The biggest point is one of salvation, however. The path to solvency and health for pension plans is through market value management. There is no other way to rationalize the employees’ demand for benefits with the ability of the employer to pay for benefits. The DB plan is one of the best vehicles ever designed for taking a portion of one’s working life income and setting it aside for one’s retired life income. We want them to survive. The book shows the path. There is pain involved, of course, as the traditional actuarial models doled out generous benefits and told the employer and the employees that they cost only about half of what they really cost. But there is also a path to success. The book has a section devoted to the tough love process of getting from where we are today, back to a healthy pension system.

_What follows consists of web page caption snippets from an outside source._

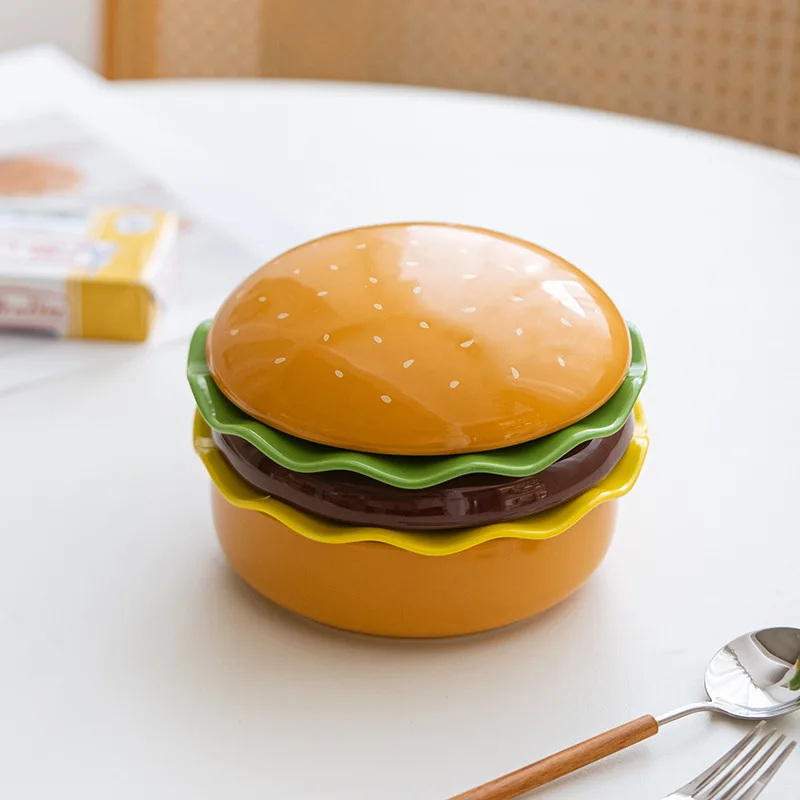 One-person burger modeling creative ceramic tableware gift-giving household dinner plate snack plate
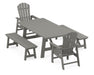 POLYWOOD South Beach 5-Piece Rustic Farmhouse Dining Set With Benches in Slate Grey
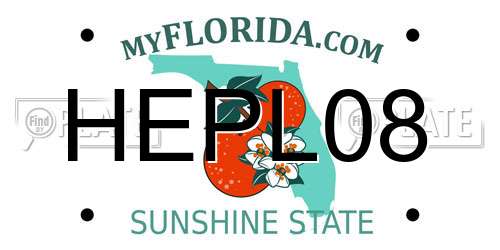 HEPL08 Florida License Plate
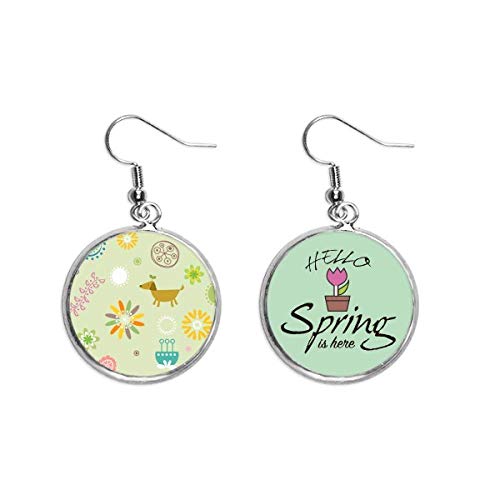 Pendientes de perro con flores primaverales para tus looks diarios de temporada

This book will prove compelling to anyone that has struggled to peer through the actuarial mist and figure out what is really happening, “under the hood” of the DB plan, and who wonders why these plans have to feel so risky to the sponsor. The answer is, they don’t have to feel so risky. I think it is fair to say that this book presents a dramatic new set of insights into pension plan risk and cost management, and is the leading work—perhaps the only economically sound work—on the topic in its fullness.

While its first use is as a tool for pension management accounting, it is of course as blueprint for where our GAAP accounting requirements need also to go, at all levels including the IASB, FASB, and GASB.

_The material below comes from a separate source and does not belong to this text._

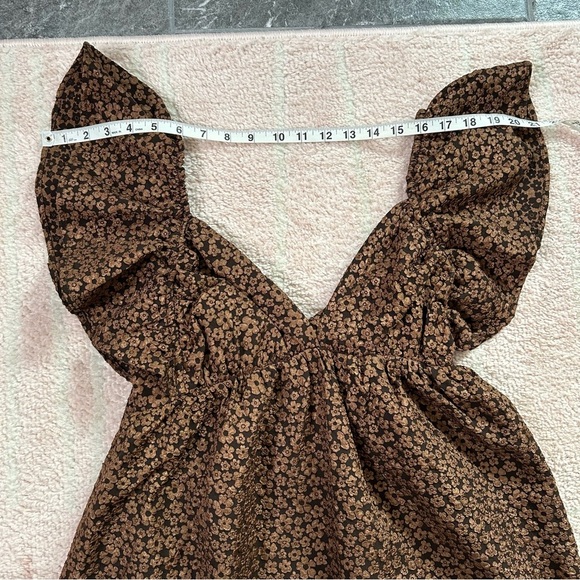 NWT Day + Moon Brown Floral Ruffle Babydoll Dress Size Small Autumn - Picture 6 of 11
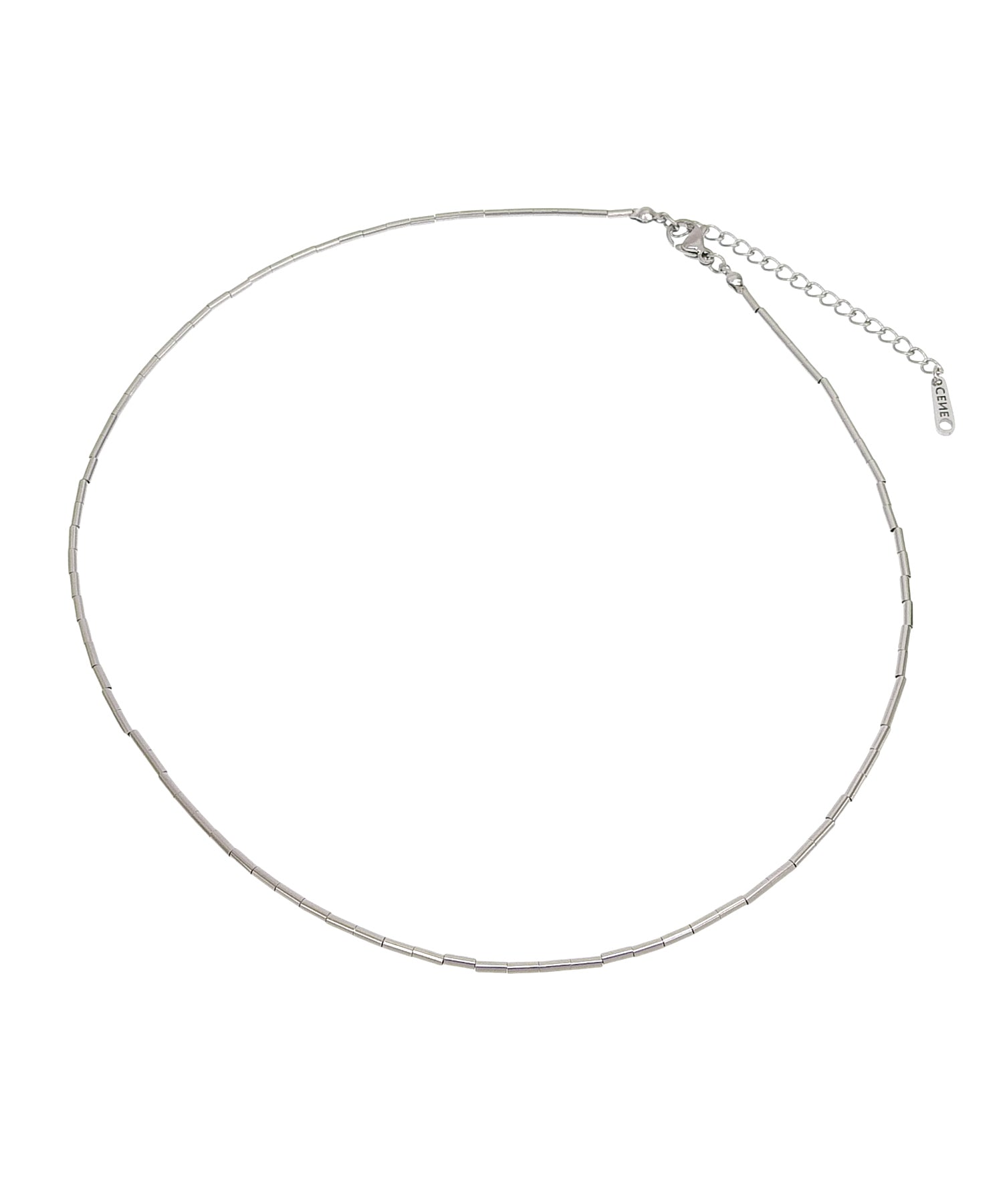 [Silver] Pipe Bead Necklace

The book is exceedingly well reviewed, with a foreword by Robert C. Merton of MIT and positive reviews by (among many others) Brad Belt (former PBGC head), Guus Bonder (lead pension guru in Holland), Frank Fabozzi (editor, Journal of Portfolio Management), Richard Grinold (former CIO of Barclays Global Investors), Roger Ibbotson (Yale; Ibbotson Associates), Marty Leibowitz (Morgan Stanley), Lionel Martellini (Princeton), Olivia Mitchell (Wharton), Dallas Salisbury (Employee Benefits Research Institute), and Noboru Terada (leading pension thinker in Japan).